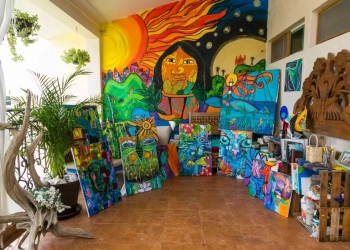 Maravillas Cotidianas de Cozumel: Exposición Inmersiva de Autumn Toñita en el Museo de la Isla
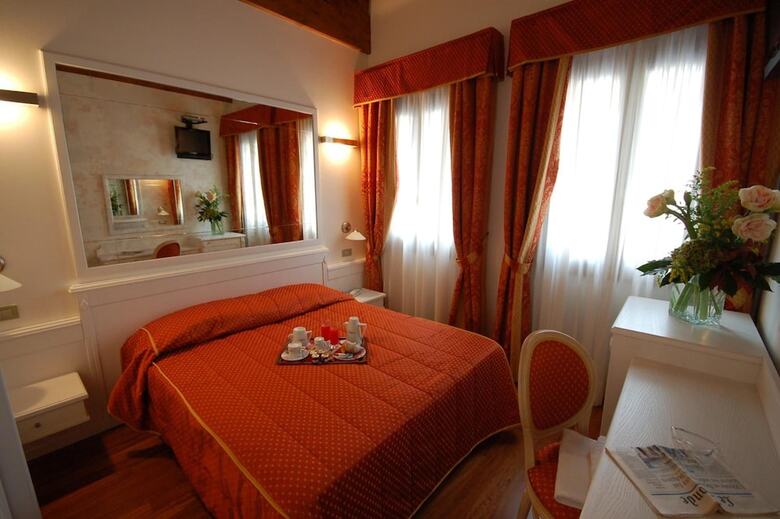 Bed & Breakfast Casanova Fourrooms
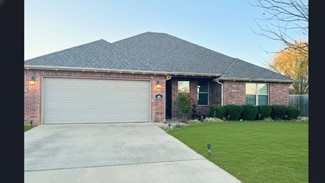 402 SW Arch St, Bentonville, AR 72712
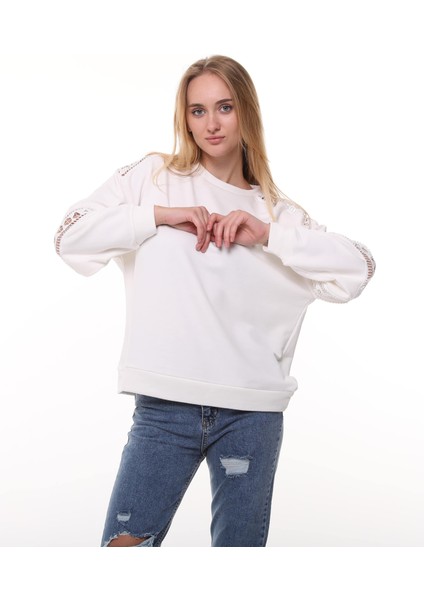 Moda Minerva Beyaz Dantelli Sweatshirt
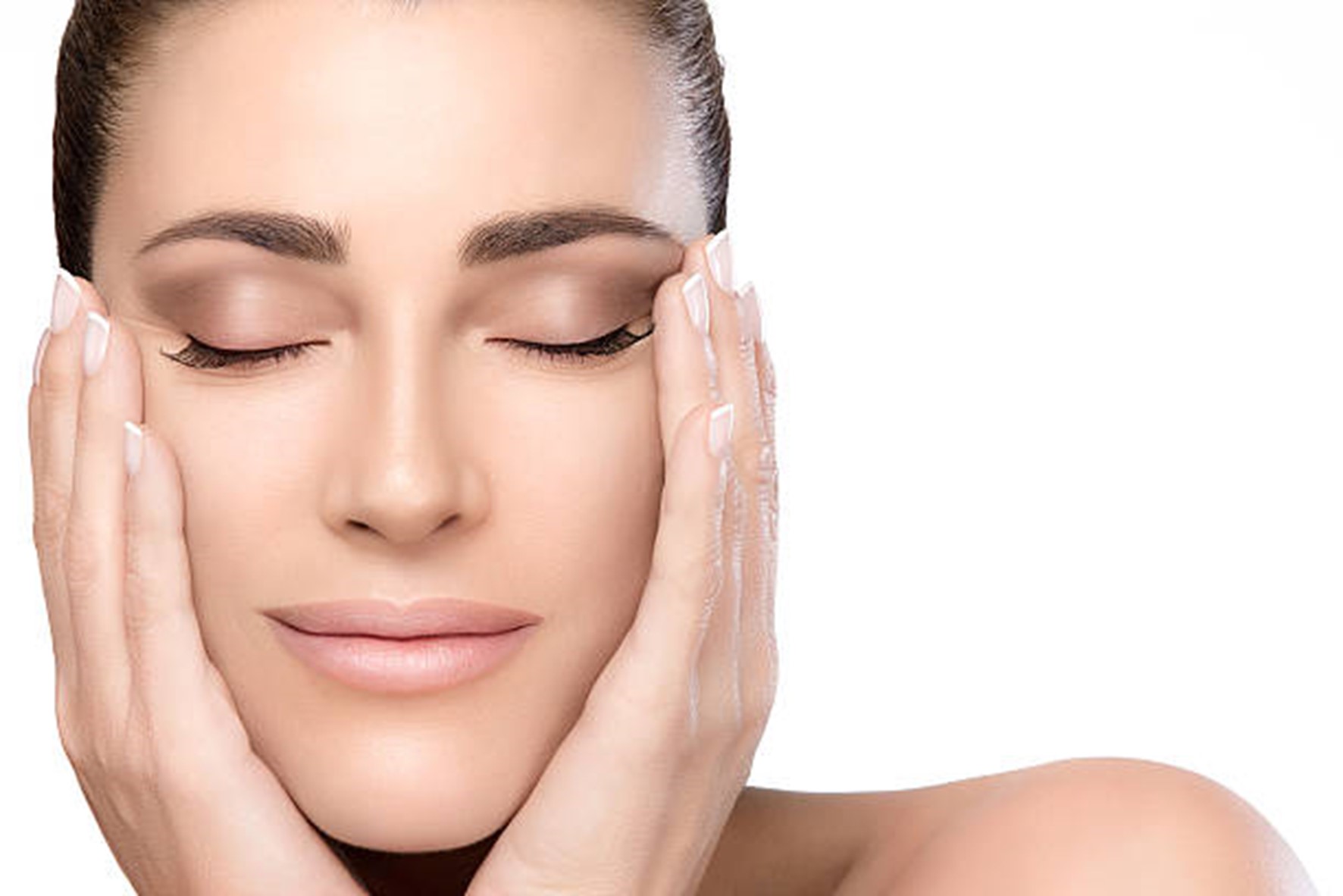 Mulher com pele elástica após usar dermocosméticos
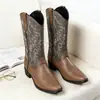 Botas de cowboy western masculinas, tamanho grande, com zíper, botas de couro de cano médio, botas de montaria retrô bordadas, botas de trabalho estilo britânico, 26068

**Task brief**
Apart from the pictures, every line of the material above is to be returned word for word.

**Answer**
 Maravillas Cotidianas de Cozumel: Exposición Inmersiva de Autumn Toñita en el Museo de la Isla
 Bed & Breakfast Casanova Fourrooms
 402 SW Arch St, Bentonville, AR 72712
 Moda Minerva Beyaz Dantelli Sweatshirt
 Mulher com pele elástica após usar dermocosméticos
 Botas de cowboy western masculinas, tamanho grande, com zíper, botas de couro de cano médio, botas de montaria retrô bordadas, botas de trabalho estilo britânico, 26068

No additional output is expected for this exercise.